Aim of the exercise:
Output the span of lines from the one that contains "Ooh, nice. Ta-da!" through the end of the records, inclusive, exactly as written and free of pictures.

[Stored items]
========
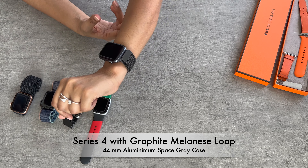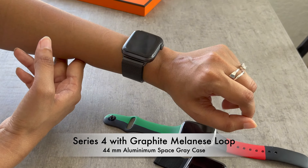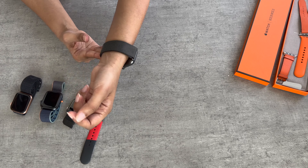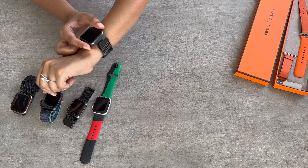This is the 44mm Series 4 with the Milanese Loop. I love this strap — it is a stainless steel mesh band that is fully magnetic and very smooth. It completely wraps around your wrist and is definitely one of my favorites so far.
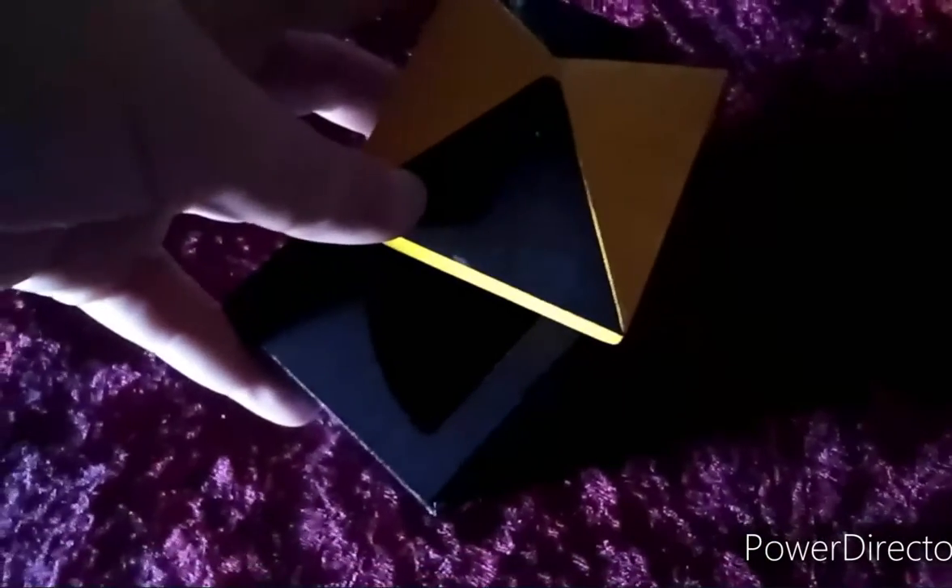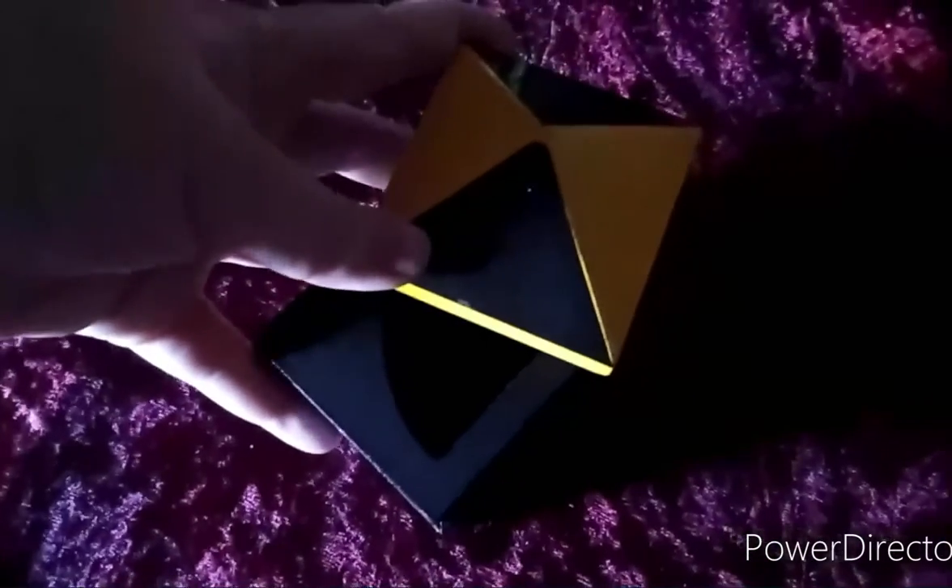Ooh, nice. Ta-da! Unicorn magic. Ooh, it's gone.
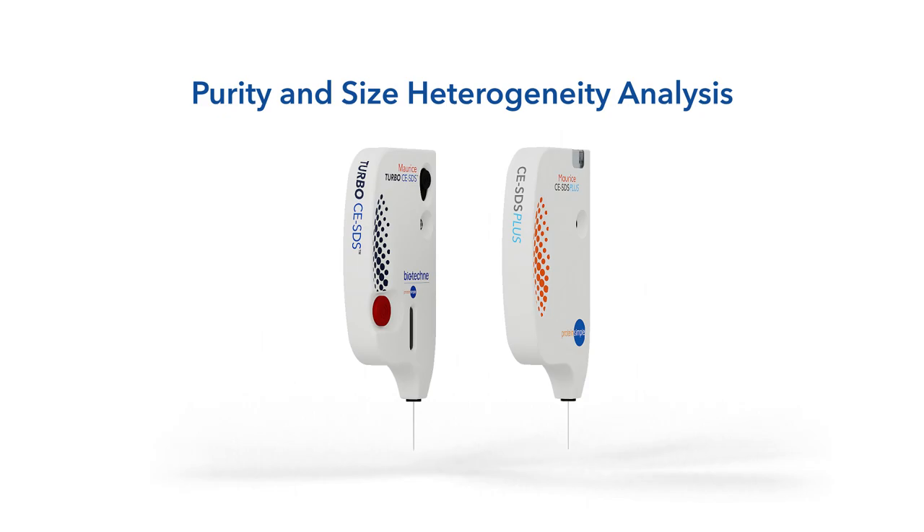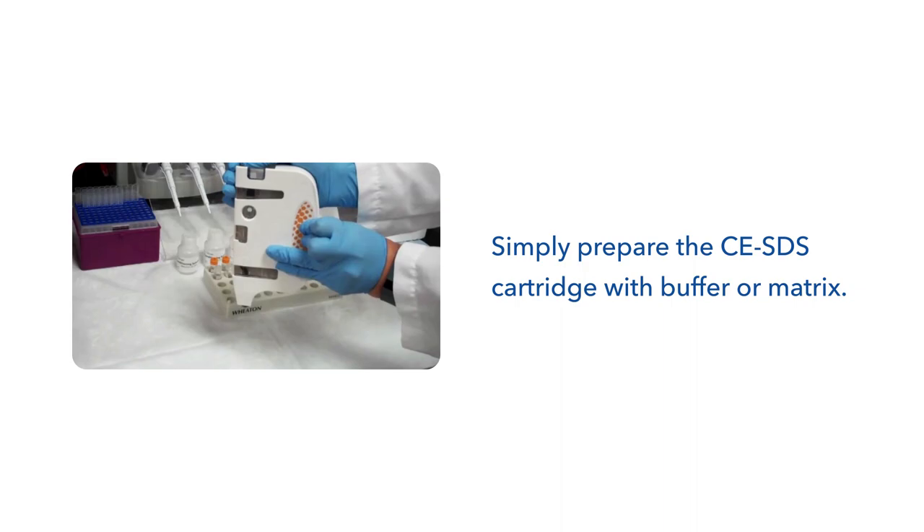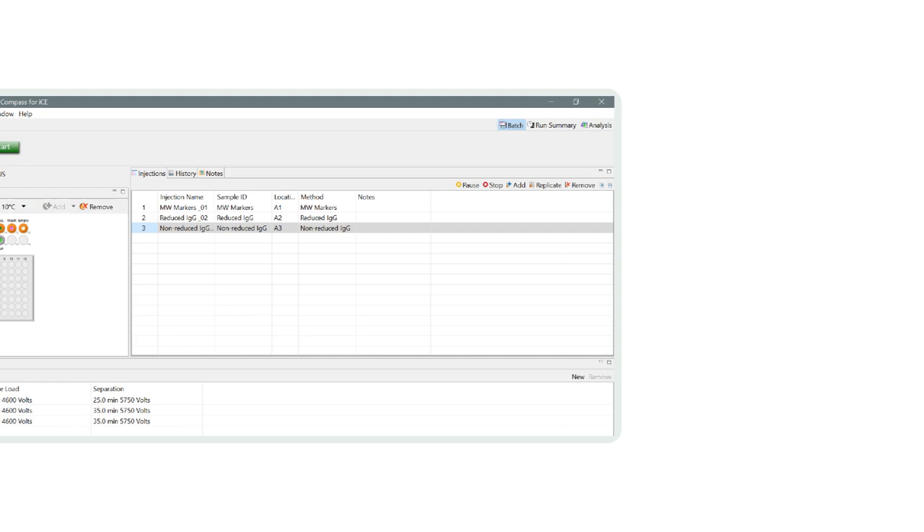How easy is Maurice to use? Let's start with purity and size heterogeneity analysis of your biologics with CESDS. Simply prepare the CESDS cartridge with buffer or matrix. Load the reagents and your samples. Close the door, set up a batch, and press start. Maurice will do the rest for you.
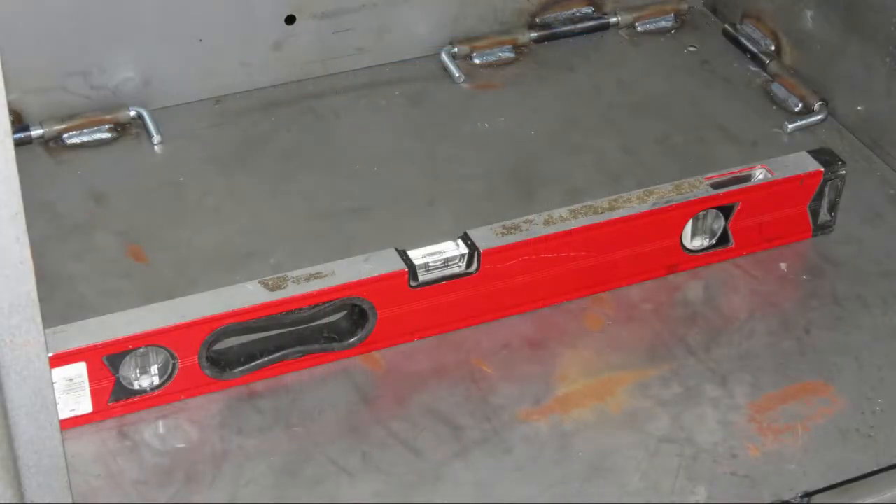The first tip or requirement is to always start with a solid level surface. If the base of the safe is even slightly uneven it can create problems assembling or with components not being aligned properly.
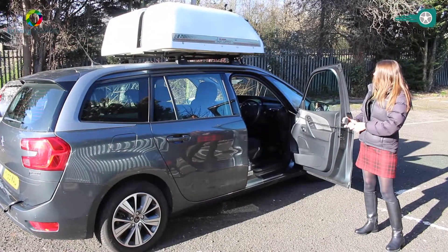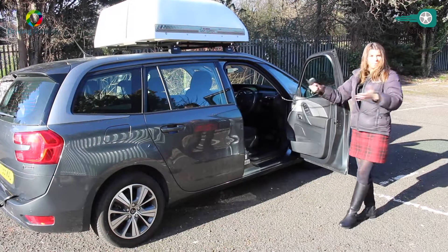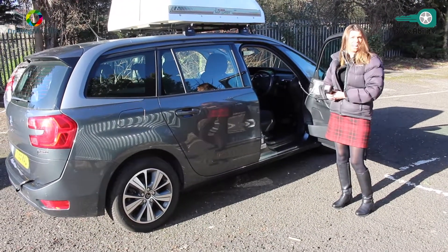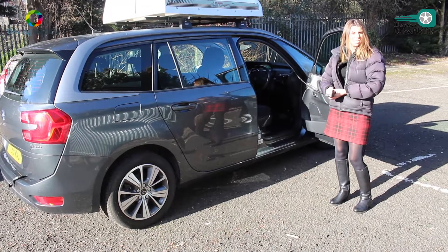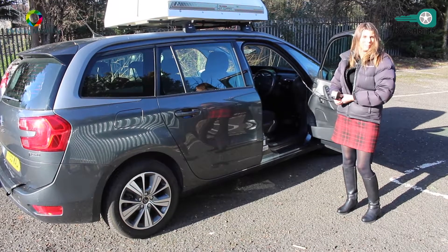Do you get lots of service users with this system? We do — it's very popular actually. Because it can all be done independently, the service user can stow their own wheelchair. They can transfer in and out of their wheelchair completely independently. So it's certainly a popular piece of equipment.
========
Result:
Ooh, nice. Ta-da! Unicorn magic. Ooh, it's gone.
How easy is Maurice to use? Let's start with purity and size heterogeneity analysis of your biologics with CESDS. Simply prepare the CESDS cartridge with buffer or matrix. Load the reagents and your samples. Close the door, set up a batch, and press start. Maurice will do the rest for you.
The first tip or requirement is to always start with a solid level surface. If the base of the safe is even slightly uneven it can create problems assembling or with components not being aligned properly.
Do you get lots of service users with this system? We do — it's very popular actually. Because it can all be done independently, the service user can stow their own wheelchair. They can transfer in and out of their wheelchair completely independently. So it's certainly a popular piece of equipment.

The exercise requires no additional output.